The principle of the asylum was to go through a long sequence of refinements. It was already a topic of debate in parliamentary select committees in 1807. The first Lunatics Act passed by Parliament required that every county provide asylum for the poor insane, including the severely depressed; and the 1862 Act to Amend the Law Relating to Lunatics opened up the possibility of voluntary confinement, so that those experiencing symptoms might, with the approval of medical authorities, put themselves into asylums. This provision demonstrates quite clearly how far the asylum had come; you would have had to be far more than crazy to check yourself into one of the eighteenth century’s hospitals for the insane. By this time, county asylums were being run with public funds; private asylums run for profit; and registered hospitals (such as Bedlam, which in 1850 housed some four hundred patients)

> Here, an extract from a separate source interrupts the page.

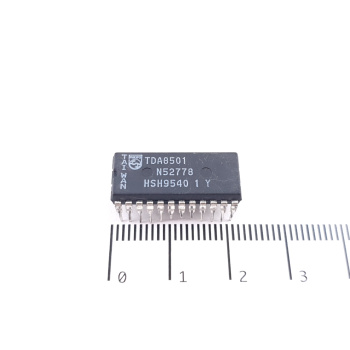 1 X TDA8501 PHILIPS...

for the more acutely ill supported with a mix of public funds and private charitable contributions.

The nineteenth century was a time of classifications. Everyone debated the nature of illness and its parameters, and everyone redefined what had previously been simply identified as melancholy into categories and subcategories. Great theoreticians of classification and cure succeeded one another rapidly, each determined that some minor adjustment of his predecessor’s theory would improve treatment by leaps and bounds. Thomas Beddoes wondered already in the first year of the century “whether it be not necessary either to confine insanity to one species, or to divide it into almost as many as there are cases.”

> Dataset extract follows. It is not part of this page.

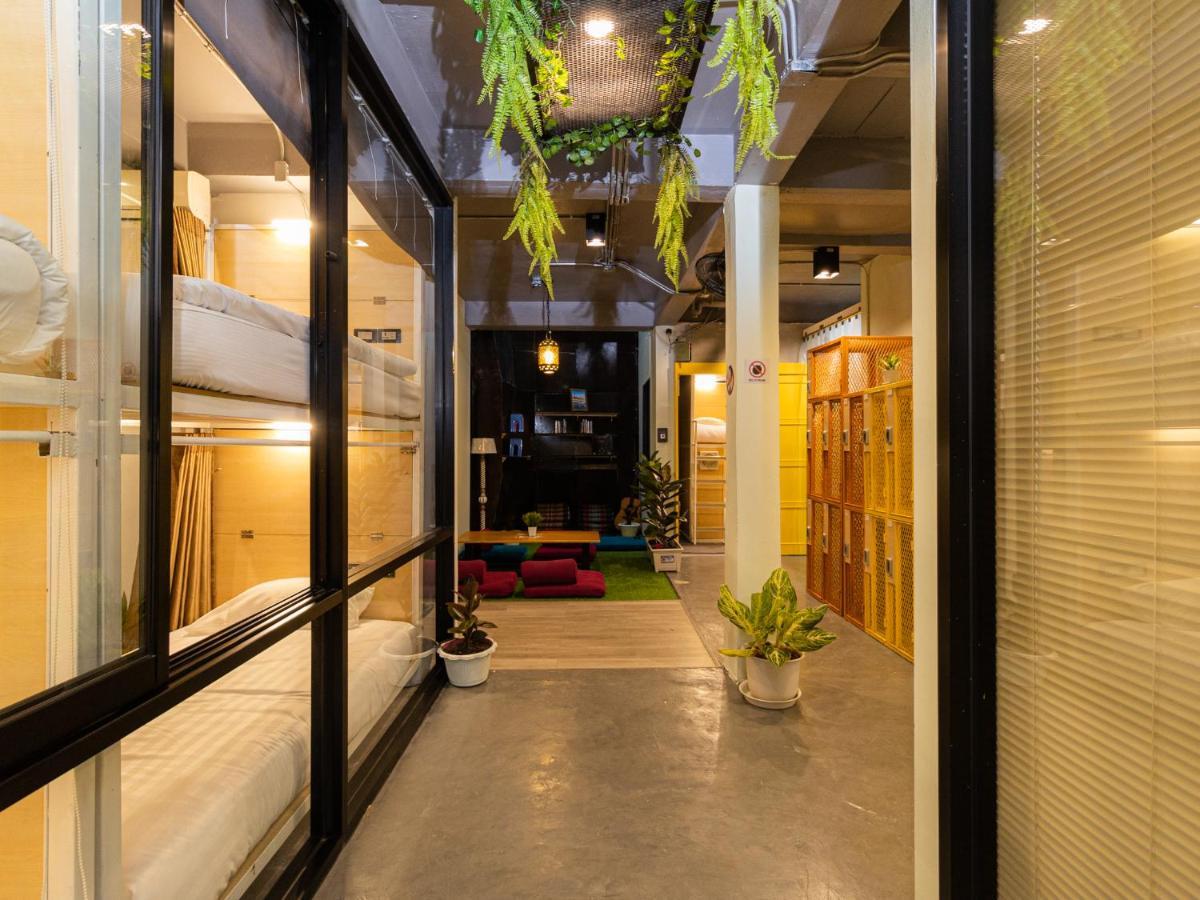 Khao San Social Capsule Hostel Bangkok Exterior foto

Benjamin Rush, in America, believed that all insanity was a fever that had become chronic. This condition, however, was subject to external influence. “Certain occupations predispose to madness more than others. Poets, painters, sculptors, and musicians, are most subject to it. The studies of the former exercise the imagination, and the passions.” Delusional depression was strong among Rush’s patients. One, for example, was a sea captain who believed absolutely that he had a wolf in his liver. Another believed himself to be a plant. The plant man was persuaded that he needed to be watered, and one of his friends, a bit of a prankster, took to urinating on his head, so enraging the patient as to effect a cure. Though Rush, unlike others, did not rise to Pinel’s level of sympathy for patients, he did, unlike his predecessors, believe in listening to them. “However erroneous a patient’s opinion of his case may be, his disease is a real one. It will be necessary, therefore, for a physician to listen with attention to his tedious and uninteresting details of its symptoms and causes.”

W. Griesinger, working in Germany, reached back to Hippocrates and declared once and for all that “mental diseases are brain diseases.” Though he was not able to identify the origin of these brain diseases, he firmly insisted that there was one; and that the fault in the brain should be located and then treated, either preventatively or curatively. He accepted the movement of one mental illness into another, what we might call dual diagnosis, as part of
Einheitspsychose
—the principle that all mental illness is a single disease and that once your brain goes wonky, anything can happen in it. This principle led to the acceptance of manic-depression, the understanding that patients who fluctuated between extreme states might have a single disease rather than two in fateful alternation. On the basis of this work, brain autopsies became common, especially in instances of suicide.